The trial court further erred in translating the inferred moral outrage or sense of disappointment within the geographical and academic communities into a conclusion that these groups were actual victims of the criminal offenses. Such is tantamount to stating that every crime committed should carry an enhanced sentence *946 because all society is the victim of crime.

Although I agree with Judge Sullivan, Campbell is illustrative of the problem faced by this court when reviewing non-statutory aggravating circumstances. The problem stems from the essentially ad hoc consideration of such circumstances. I believe this court should articulate a general rule for determining the propriety of non-statutory aggravating circumstances. In order to support enhanced or consecutive sentences the aggravating circumstance should be one not normally associated with the crime charged. This court and our supreme court have generally followed this rule, however it requires further explanation. Our supreme court has held that the mere recitation of a element of the crime does not justify enhanced or consecutive sentences. Townsend v. State (1986), Ind., 498 N.E.2d 1198. See also, Linger, supra. In addition, circumstances which are common to the commission of the charged crime are not proper aggravating circumstances. Campbell, supra.

Here, the aggravating circumstances listed by the trial court are either elements of the crime or are common to all such crimes. The trial court found as an aggravating circumstance that Kollar defrauded "portions of the public who were comprised of persons who were investing typically their savings toward their future or the future of their children." Most people who invest do so for their future. This is the reason for investment. How is the theft of savings for the future worse that the theft of savings for a new car or a long awaited vacation? For that matter, why is the source of the investment relevant? Are people who use borrowed funds to invest less entitled to protection that those who use their savings? There is no evidence that Kollar targeted people who were investing their savings. In all theft cases the victim is deprived of money or other property which he could have used for other purposes. While all victims of theft are deprived of their property, the value that they place on such property is irrelevant. A victim may be far more distressed by the theft of his grandmother's wedding ring, than the theft of a television, but this is no justification for imposing a greater sentence for the theft of the ring. To do so would result in highly unpredictable sentencing based solely on the trial court's perception of the value of the property to the victim.[2]
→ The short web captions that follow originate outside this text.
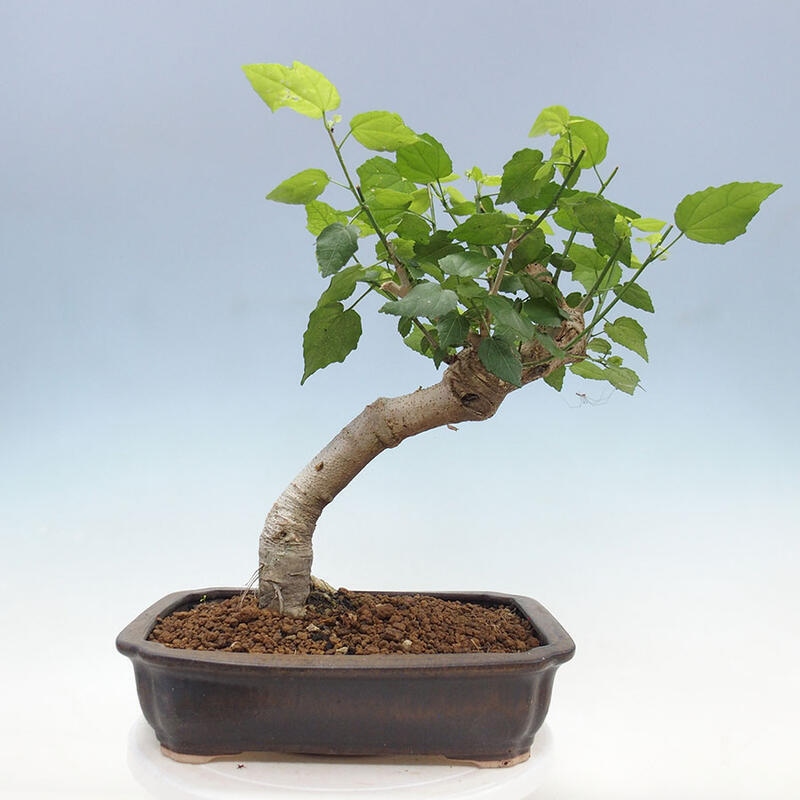 Indoor bonsai - Malvaviscus arboreus - woody hibiscus + SUISEKI book Free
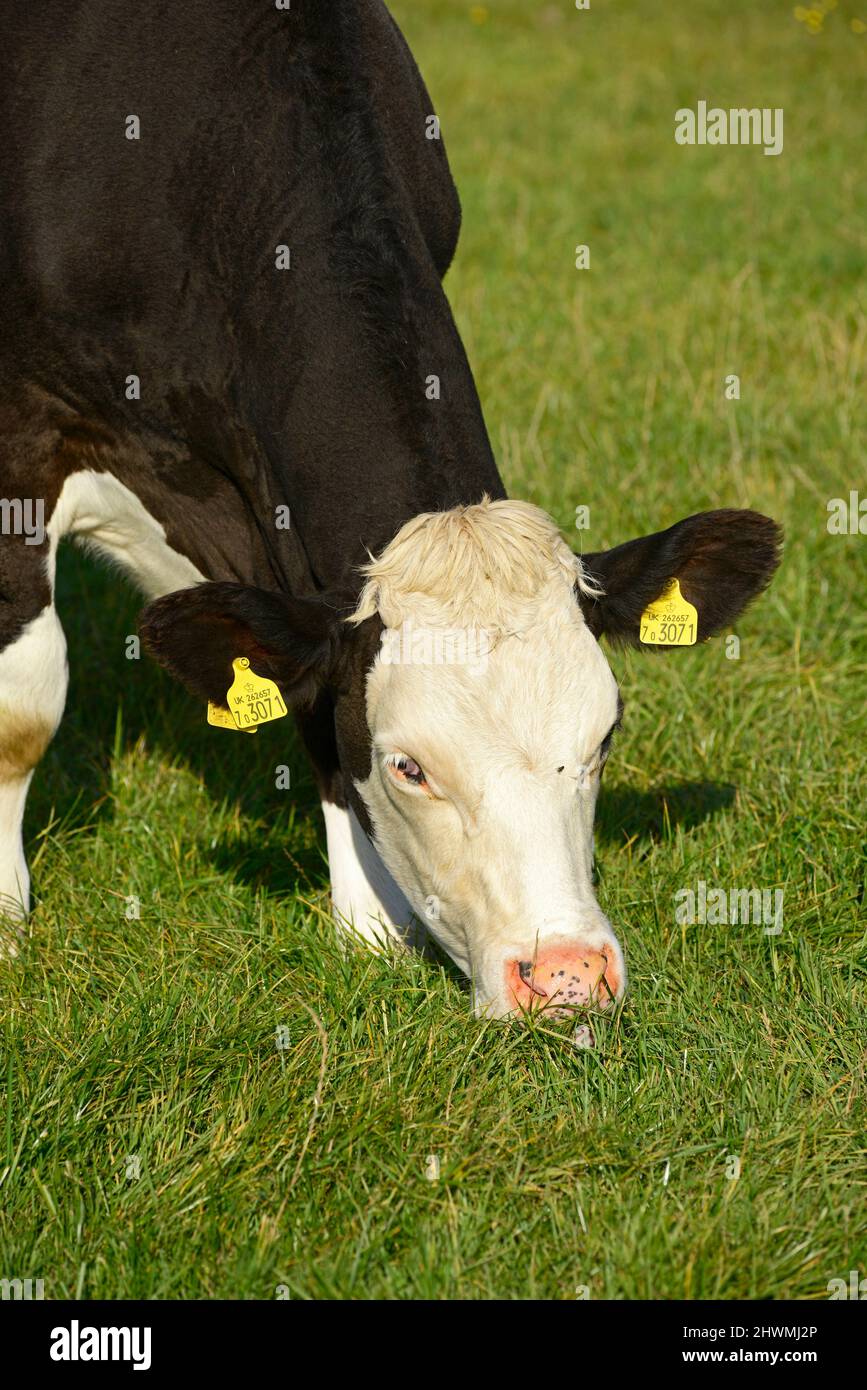 Les vaches se broutent dans les champs au sommet d'un feu de détresse, près de Brighton, au Royaume-Uni Banque D'Images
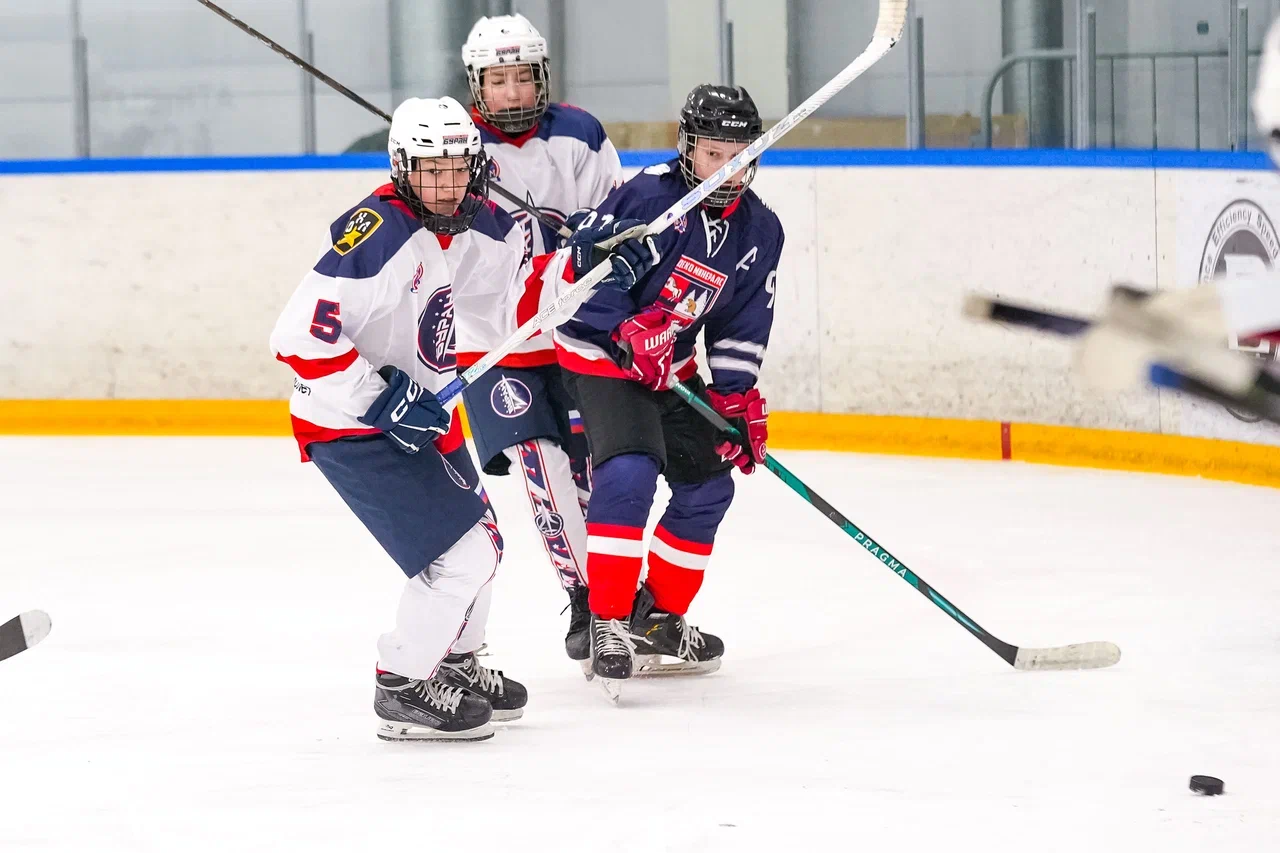 Фото: Деко Минералс - Буран 2012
The trial court also found that Kollar's "pattern of lulling victims while encouraging other new victims is a matter of aggravation". (Emphasis added). This is merely a restatement of one of the elements of the corrupt business influence charge — a "pattern of racketeering activity", IND. CODE § 35-45-6-2(a)(3). In addition, it is a restatement of one of the definitions of theft — "creating or confirming a false impression in the other person." IND. CODE § 35-43-4-1(b)(4). In Linger, supra, this court noted that the legislature has chosen not to differentiate between the various forms of theft. As the Linger court explained:

This is analogous to differentiating among the forms of theft included in our general theft statute. Townsend recognizes that the trial court may consider the particularized circumstances of the crime's factual elements, and the sentence *947 may be enhanced if an element is particularly egregious. We find that Townsend mandates the conclusion that the mere mention of the elements of the crime of theft, e.g. the theft was from an employer or the theft was from an innocent stranger, is not such a particularized circumstance as can be used to enhance a presumptive 2 year theft sentence. In effect, the trial judge in merely reciting an element as an automatic aggravating circumstance is legislating and creating an automatic four year sentence for that form of theft. Here, the trial court made clear that all thefts from employers were more serious than thefts from others and required an enhanced sentence. This was improper.

Id. at 64-65.

Here, the trial court has merely recited an element of the charges.

Finally, the trial court found that the losses were "significant." However, this is not a particularized finding. It may mean that the losses involved a substantial amount of money or it may mean that the losses caused financial difficulties for the victims. If we were to consider the amount of money taken as an aggravating circumstance, then it would be worse to steal $50,000 from a multimillionaire than to steal $50.00 from an elderly person living on social security. However, if we consider the impact on the victim the theft of $50.00 from the social security recipient is worse, as it may spell the difference between eating and going hungry.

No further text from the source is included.